Far from over: California still has more than 3.5 million ballots to count
https://www.elkgrovenews.net/2020/03/how-many-california-ballots-left-to.html
How many California ballots left to count? Here Beverly Shen distributes ballots to 2020 primary voters at the Golden Gate library in Oakland. Photo by Anne Wernikoff for CalMatters. | |
By Ben Christopher,
CalMatters
The
results are in.
No, not
the results you were waiting for, the final tally of California ballots cast
for the state’s Super Tuesday presidential primary. We might not have those for
days to come and they won’t be officially certified until April.
But this
afternoon state officials published their first estimate of how many ballots are
left to be counted.
In a
state that holds an “election month, not election day” — where results will
trickle in for weeks to come, sometimes flipping the outcomes of tight
elections in the process — this is an election nerd’s landmark.

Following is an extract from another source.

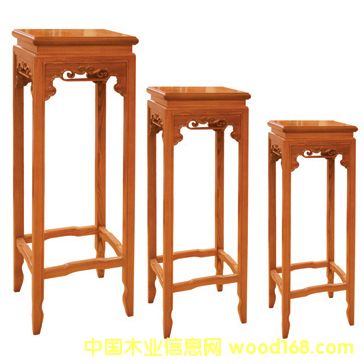 ���λ���1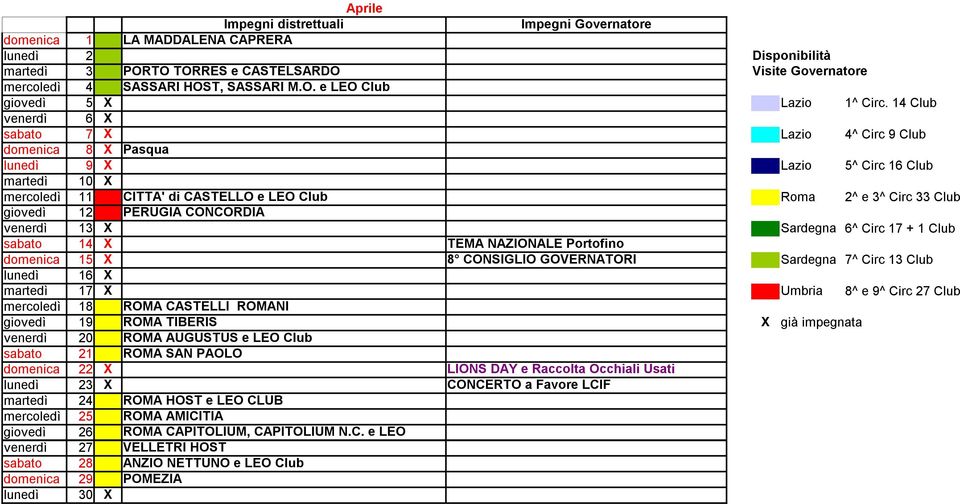 PERUGIA CONCORDIA venerdì 13 X Sardegna 6^ Circ 17 + 1 Club sabato 14 X TEMA NAZIONALE Portofino domenica 15 X 8 CONSIGLIO GOVERNATORI Sardegna 7^ Circ 13 Club lunedì 16 X martedì 17 X Umbria 8^ e 9^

It also gives us
a few more clues about the final shape of California’s various primary
contests.
According
to estimates published by county election registrars, as of Thursday night,
there are 3.5 million ballots left to count. (The Secretary of State’s
office showed a count of about 3.3 million, but that did not include the latest
updated numbers from Los Angeles County.)
That
small mountain of unprocessed popular will comes courtesy of last-minute voters
— those who either put their ballots in the mail on Election Day itself,
or who voted in person but exercised their California-given right to register
or change their political party on the spot.
They also
include ballots that were ripped, bent, marred by typos, or that otherwise gave
a voting machine a hard time and will thus require the careful study of a human
election worker.
What does
all of this mean for the various California races still in limbo? We have
no idea what all of those ballots say just yet, but this first report offers a
few new tea leaves to read.
Take
Vermont Sen. Bernie Sanders current commanding lead over former Vice President
Joe Biden. Is there a chance that could narrow in the days to come?
Sanders’
margin over the former vice president is only 271,635. That’s a small fraction
of the ballots remaining. Which way will those uncounted vote go? History
suggests that the late-breaking vote tends to be young, Latino and lower-income
— Sanders’ base. On the other hand, there’s evidence that many moderate
Democrats were waiting until the last minute to vote and may have rallied to
Biden after he was endorsed by fellow centrists Minnesota Sen. Amy Klobuchar
and former South Bend, Ind. mayor Pete Buttigieg after they dropped out.
In other
words, as these ballots are counted, they’re likely to run up the margins of
both front runners at the expense of the rest of the field.
The other
big question hanging over California’s 2020 election is Proposition 13. Can the
school bond ballot measure, which is currently down 10 percentage points,
recover?
Though
these later votes tend to skew left, the school bond would have to win 58% of
the ballots left. That is, assuming the estimated remaining ballot count is
accurate.
Taken at
face value, the unprocessed ballots combined with those that have already been
counted add up to 8.8 million votes, or a turnout rate of 43% of all registered
voters.
That
level of primary electorate vigor falls somewhere in between 2012 and 2016,
where turnout was 31% and 47% respectively.
Of
course, the estimated number of ballots left to count should not be
taken at face value. As long as a mail-in ballot was postmarked by Election
Day, any that arrive tomorrow will eventually be counted.
These are
also estimates, and pretty rough ones at that. A survey of the ballots left to
be tallied shows some suspiciously round numbers: 112,000 in Contra Costa
County, 350,000 in San Diego, 80,000 in Fresno.
As
Secretary of State spokesman Sam Mahood wrote on Twitter this evening, “It’s
still too early to definitively talk about turnout.”
But even
as a ballpark figure it suggests that, two days out from Election Day, many
California voters have yet to have their ballots counted. In 2016 and 2018,
there were more than half a million fewer votes to tally at this point.
That
shouldn’t be surprising, according to California Secretary of State Alex
Padilla.
In a
conference call with reporters before Election Day, Padilla predicted that a
higher share of ballots would end up in the late pile this year thanks to a
series of recent laws that make it possible for all voters to register to vote
or change their party registration on election day itself.
Voters
without a registered party were also motivated this year to switch party
affiliation or request a special ballot to participate in the presidential
primary. That also likely added to the heap of ballots that will take days, if
not weeks, to sift through.
CalMatters.org is
a nonprofit, nonpartisan media venture explaining California policies and
politics.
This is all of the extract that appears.